Llevé la bombilla a la boca y tomé despacio, sintiendo su mirada clavada en mis labios. No disimulaba ni un poco.
—¿Estás entrenando? —dijo, con los ojos fijos en mis piernas.
—No. Soy media vaga jaja.
—Mirá. Pensé que sí, porque estás… —hizo una pausa y sonrió—. Estás re fuerte.
No me dio tiempo a responder. Apoyó el mate en la mesa y se acercó más. Su mano, grande y firme se posó en mi muslo.
—Te queda hermoso esto que tenés puesto.
Su voz era baja y segura. Me prendió fuego. Lo miré con descaro y abrí apenas las piernas.
—¿Sí?
Él deslizó los dedos por mi short hasta el borde. No dudó, metió la mano y apretó mi concha por encima de la tanga.
—Sí.
Me besó con hambre. Su mano bajó la tela y sus dedos me abrieron, me exploraron con desesperación. Gemí contra su boca y él gruñó bajo. Me levantó de la silla y me llevó hasta el sillón.
Me acomodó sobre él, con las piernas abiertas. La tanga apenas estaba corrida y sentí la tela de su short contra mi piel. Me froté contra él sin vergüenza.
Me levantó la remera y se metió un pezón en la boca. Lo mordió y lo chupó con una desesperación que me hizo excitar más.
—Sos hermosa —dijo con la boca pegada a mi piel.
Le saqué la remera y él bajó su short y bóxer de un tirón. Su pija estaba dura y gruesa. Metió su mano en mi boca, mojó la punta de su verga con mi saliva y me la pasó por la vagina.
—Metela —le rogué.
No esperé respuesta. Me la metió e iba sintiendo cómo me llenaba. Nos quedamos quietos un segundo, con los cuerpos tensos. Me sostuvo de la cintura y empecé a subir y bajar lento.
—La concha de tu madre… —gruñó.
Lo monté desesperada, con las piernas apretando su cuerpo y las manos enterradas en sus hombros. Me cogió como si nos hubiéramos necesitado desde hace años.
—Qué rica sos, puta hermosa…
Me agarró del culo y me apretó con fuerza, enterrando sus uñas en mis nalgas. Grité sin poder evitarlo.

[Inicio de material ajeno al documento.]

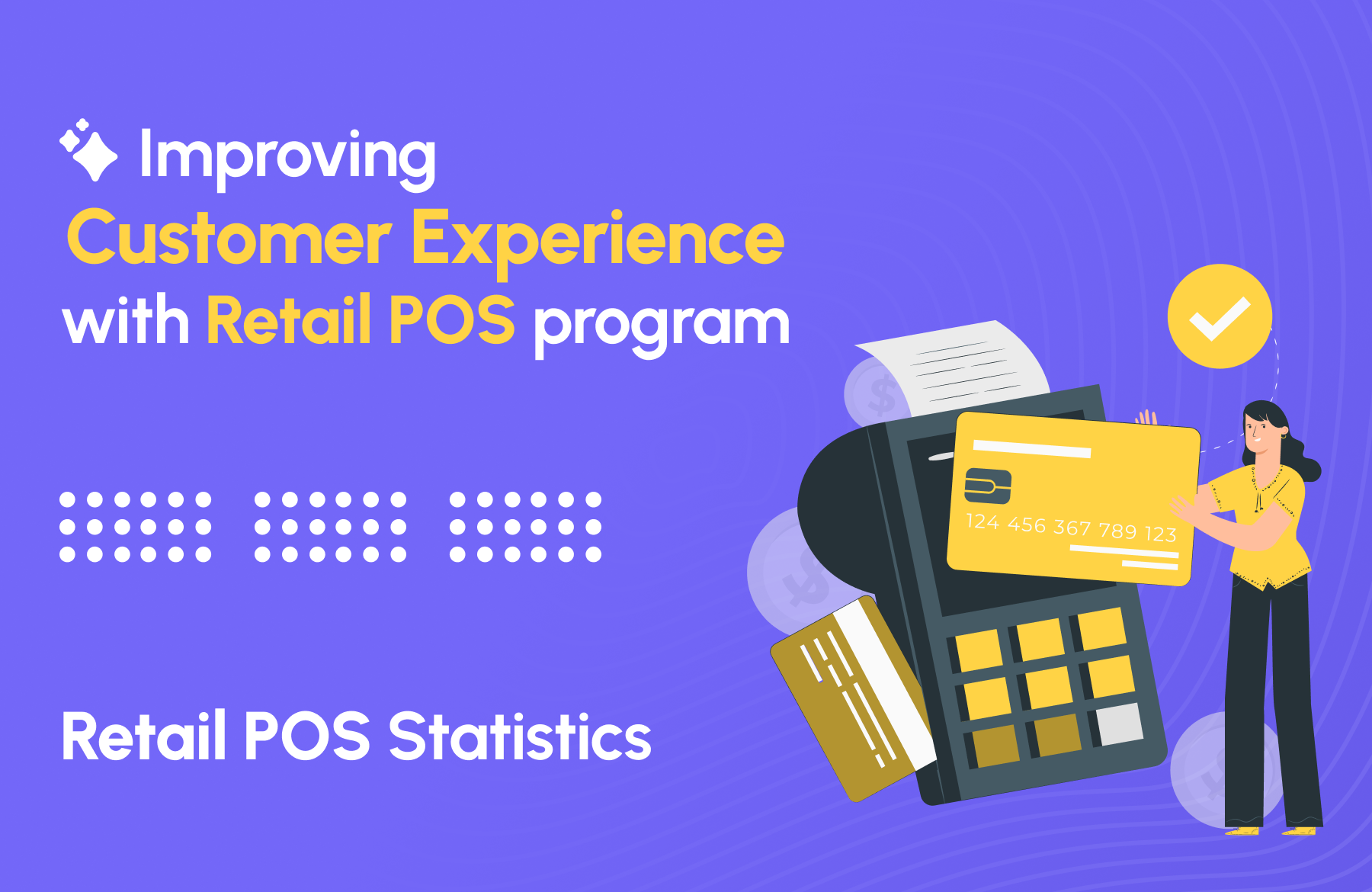 RetailPOS program streamlining checkout with advanced POS Program and Point Of Sale Software.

—Eso… así te quería coger —dijo con la voz ronca.
Después me puso en cuatro, me metió dos dedos y los sacó empapados. Me la metió de nuevo y esta vez no hubo pausa.
Me empujó hasta el fondo mientras me agarraba del rodete y me lo tiraba con fuerza. Grité de placer, él jadeó fuerte. La embestida se volvió frenética, ruidosa y sudada.
Me apretó contra el sillón, metió la mano entre mis piernas y me tocó el clítoris. No aguanté más. Me tensé y gemí su nombre mientras llegaba al orgasmo.
Él siguió un poco más, respirando entrecortado. Me la sacó y eyaculó en mi culo con un gruñido intenso. Se quedó quieto unos segundos, recuperando el aliento.
Nos levantamos sin decir mucho. Me besó el cuello y abrazó.
—Esto fue tremendo.
No le respondí. Me bajé la remera y me acomodé el short.
—Nos vemos, Ale.
Salí de esa casa con la adrenalina al máximo.
Cuando llegué, Aye, mi hermana mayor, me miró con curiosidad.
—¿Dónde estabas?
Helena, la del medio, me estudió con desconfianza. Yo estaba despeinada y el maquillaje de la noche anterior se me debía haber corrido.
—Salí a caminar —respondí, agarrando una botella de agua.
Me encerré en mi cuarto y me tiré en la cama, cansada. La sensación de Alejandro cogiéndome contra el sillón todavía estaba en mi piel.
No lo volvería a hacer, pero tampoco me arrepentía.